The task –
What are the lines, word for word, from the line with "The woman is" up to and including the line with "A living room" in the records below? Omit the pictures.

Start of Source material

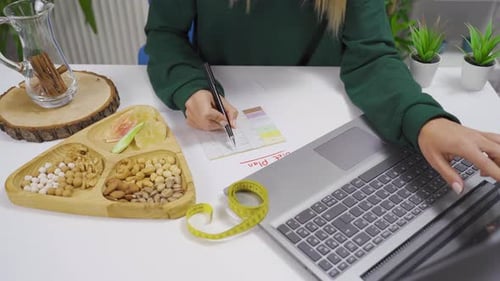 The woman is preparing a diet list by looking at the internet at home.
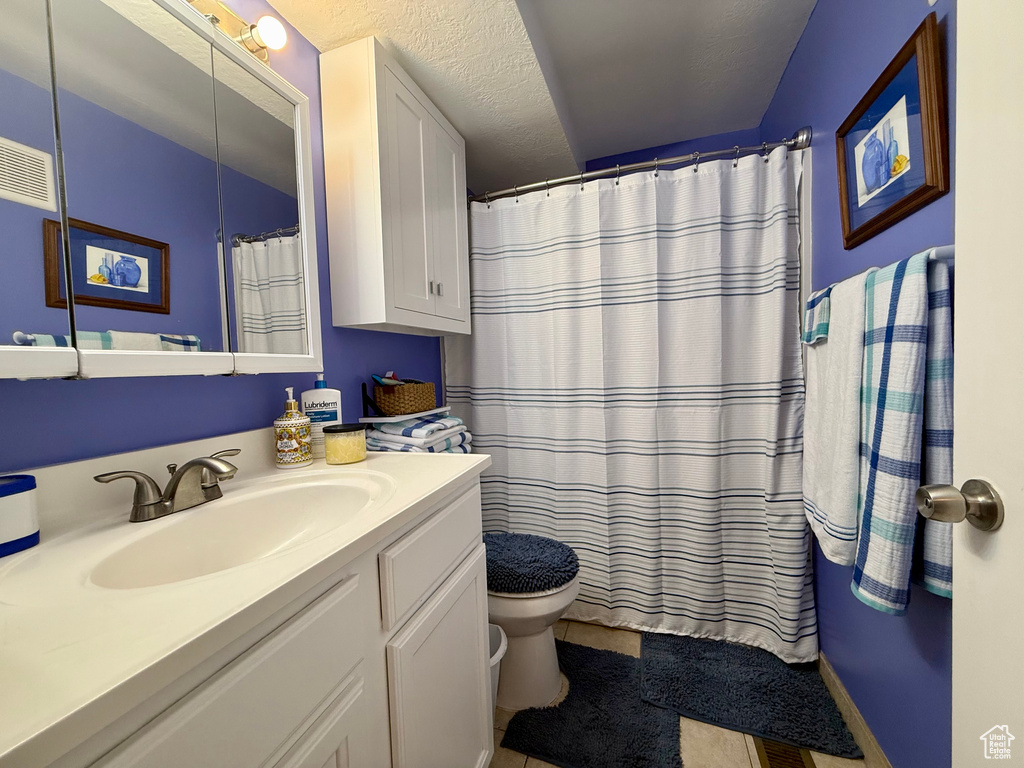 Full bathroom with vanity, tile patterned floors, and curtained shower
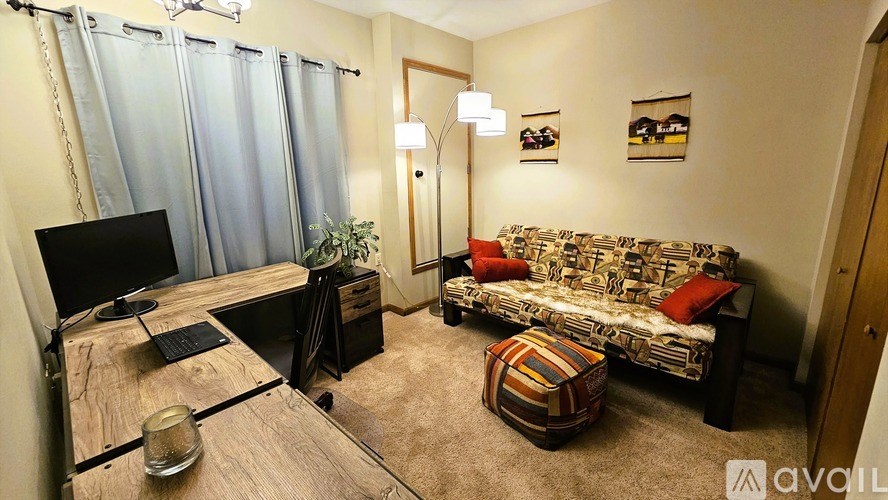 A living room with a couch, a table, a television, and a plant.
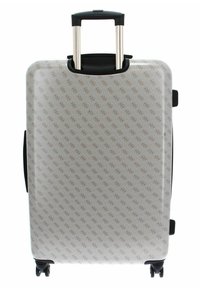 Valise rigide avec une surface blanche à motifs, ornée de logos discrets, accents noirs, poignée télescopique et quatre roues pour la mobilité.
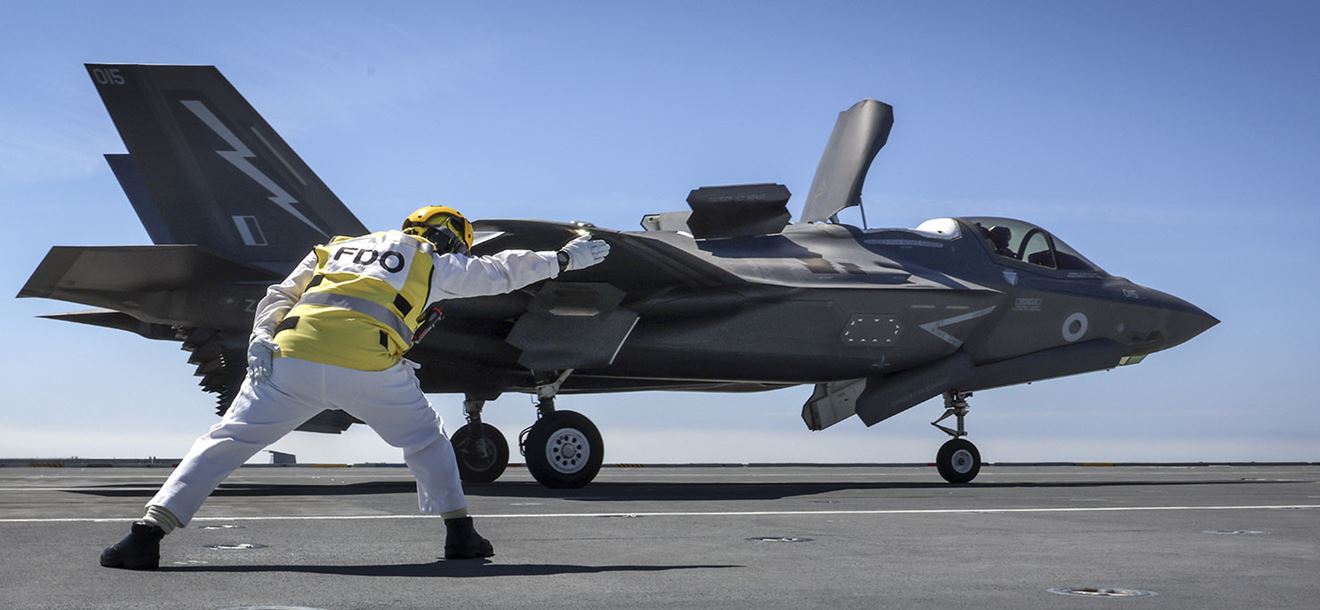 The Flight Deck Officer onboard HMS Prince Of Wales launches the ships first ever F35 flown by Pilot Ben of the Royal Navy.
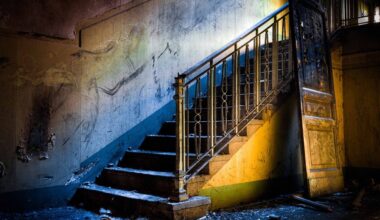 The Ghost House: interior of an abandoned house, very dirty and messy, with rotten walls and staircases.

End of Source material
Start of Source material

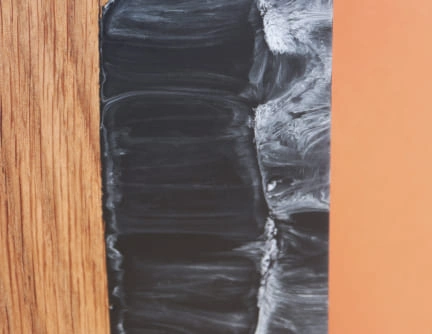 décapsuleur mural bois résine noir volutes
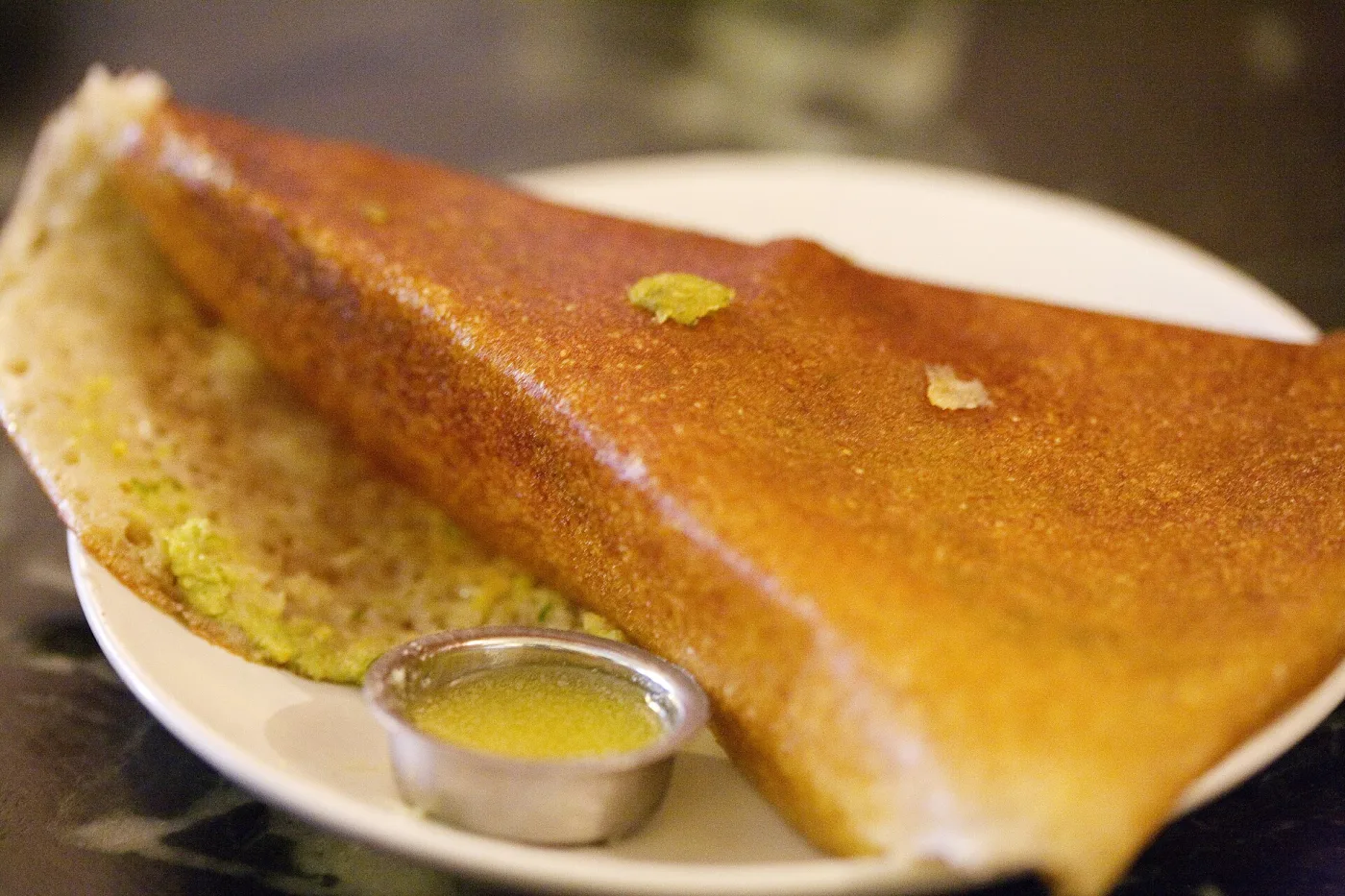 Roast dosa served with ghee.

End of Source material

Task solution –
 The woman is preparing a diet list by looking at the internet at home.
 Full bathroom with vanity, tile patterned floors, and curtained shower
 A living room with a couch, a table, a television, and a plant.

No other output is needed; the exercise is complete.